Thursday, July 31, 2008

Doggerel #160: "We Got More Famous People on Our Side!"

Welcome back to "Doggerel," where I ramble on about words and phrases that are misused, abused, or just plain meaningless.

Well, this doesn't happen all that often, but my brother and I currently agree PZ messed up on a recent post. Should have put some of his comments in the main post for one. Anyway, for those who don't read the comments, the atheism of a lot of those figures is quite debatable. The underlying problem, though, is a bit more fundamental. A little ego-stroking preaching to the choir on occasion can do a little good in rallying the troops and insert other cliches...

But it doesn't matter how many famous people agree with you. What matters is why they agree with you: Are your arguments sound? Does the evidence support your stance? Does your theory make accurate predictions? If you're supporting a null hypothesis, are your opponents' arguments consistently flawed and/or unsupported by evidence?

Yeah, it fills me with pride when I find out some great guy from the history books had atheistic, scientific, or whatever leanings. Nothing wrong with that. Please whack me with a rolled-up newspaper if I start using that as a premise in an argument, though, because that's not how arguments are won. Yeah, you can bring it up once in a while to make us feel better, but don't do it too often, and don't bother using the same method as a counterattack to a woo/fundie counterpart.

3 comments:

King of Ferrets said...

Yeah; I thought of the same thing as soon as I saw that.

Tom Foss said...

The thing PZ's post and the (flawed) poster reveals, though, is the host of problems involved in assigning labels to people. On one hand, it's probably best and easiest to use the labels that those people applied to themselves--and so Paine and Jefferson are Deists, Einstein's a pantheist, and Sagan's an agnostic.

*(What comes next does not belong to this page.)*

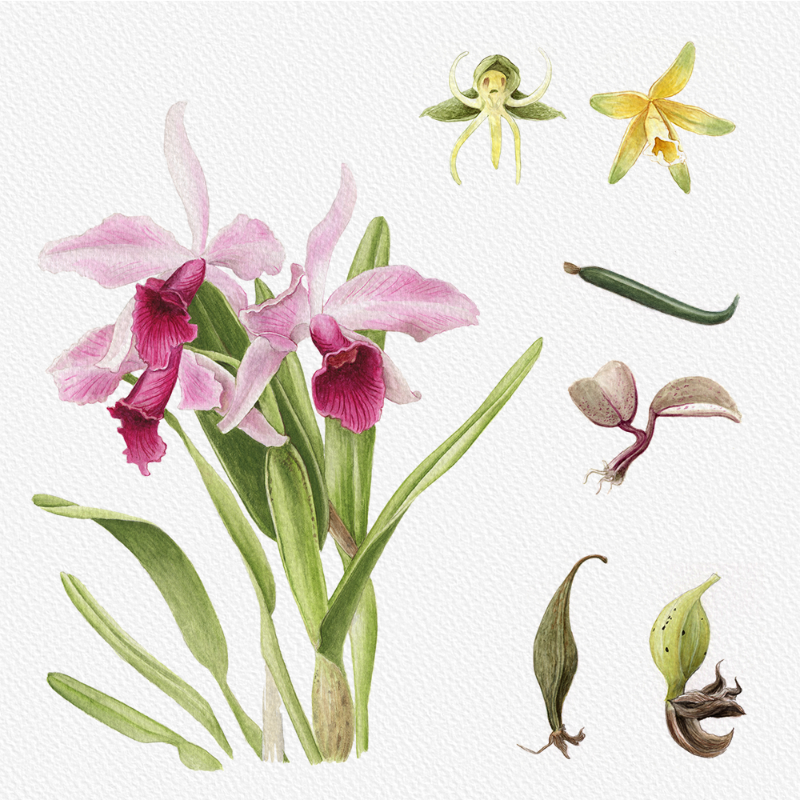 Botanical Illustration - Orchids 1 #55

On the other hand, the term "atheist" has a fairly specific meaning that many misunderstand. It is, simply, the absence of theism (belief in a god or gods); everything that is not theistic is, by definition, atheistic. And in that regard, a lot (if not all) of those people are, in fact, atheists.

Take Sagan, for instance. His position was that he does not believe in God because he has seen no evidence for it. He calls himself an "agnostic," but gnosticism and agnosticism address knowledge, not belief. That he does not believe in God makes him an atheist--specifically, an agnostic atheist, one who does not know if there is a God, and does not believe in one.

The matter of deism is trickier; it rejects (for the most part) a personal God, as does Einsteinian pantheism. Where does that fall on the spectrum?

The problem here is not necessarily that these people were not atheists, but that they did not call themselves atheists. From an outside perspective, we can't know what they actually believed outside of what they said. And yet, from that same perspective, we may be able to apply labels accurately that they would have rejected for various reasons.

And that's why understanding the meanings of words is so important.

King Aardvark said...

It gets even worse when you consider that, even if they do inwardly consider themselves atheists, that, due to the stigma attached to the word, they might not label themselves as atheists in public. Then you really have no idea what they actually are.